Situations where the duty will typically extend
The employer’s duty of care will usually extend beyond the literal workstation to situations sufficiently connected with the employment, for example:
- Using facilities reasonably incidental to work (washrooms, rest areas, canteens) provided or controlled by the employer.
- Certain work‑related travel, for example travel that forms part of the job or is closely connected with the system of work (such as travel between work sites or mandatory transport under the employer’s control). Ordinary commuting, however, is generally outside the duty.

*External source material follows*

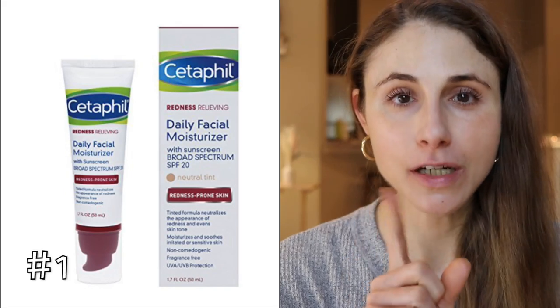The products in today's video are all drugstore — meaning you can walk into a drugstore or pharmacy and find these. They're not indie brands, not that there's anything wrong with that, but I just wanted to keep it focused to drugstore for the theme of the video.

- Circumstances where the employer has effectively assumed responsibility for the employee in a way that goes beyond the ordinary workplace context (e.g., an employee who has collapsed at work requiring medical assistance, or where the employer provides and controls accommodation for employees).
Situations generally outside the duty
As a general rule, the duty does not extend to situations that fall outside the work relationship or the employer’s sphere of control, such as:
- Travel to and from work in the employee’s own time and using their own transport.
- Activities during breaks that have no connection to work and do not involve premises or arrangements under the employer’s control.
- Off-duty recreational activities, even if occurring at the workplace, unless they form part of an employer‑organised event or are so closely connected with employment that it is fair and reasonable to treat them as work‑related.
- Situations where the employee is on leave and not acting in any capacity related to employment and is not in circumstances where the employer has assumed responsibility for their safety (for example, in employer‑provided accommodation or transport).
Ultimately, whether the duty extends to a particular situation (for example, commuting, breaks, or off‑duty activities) is highly fact‑sensitive. It depends on all the circumstances, including:
- the degree of the employer’s control over the activity or environment;
- the foreseeability of harm in that context; and
the connection between the activity and the employment.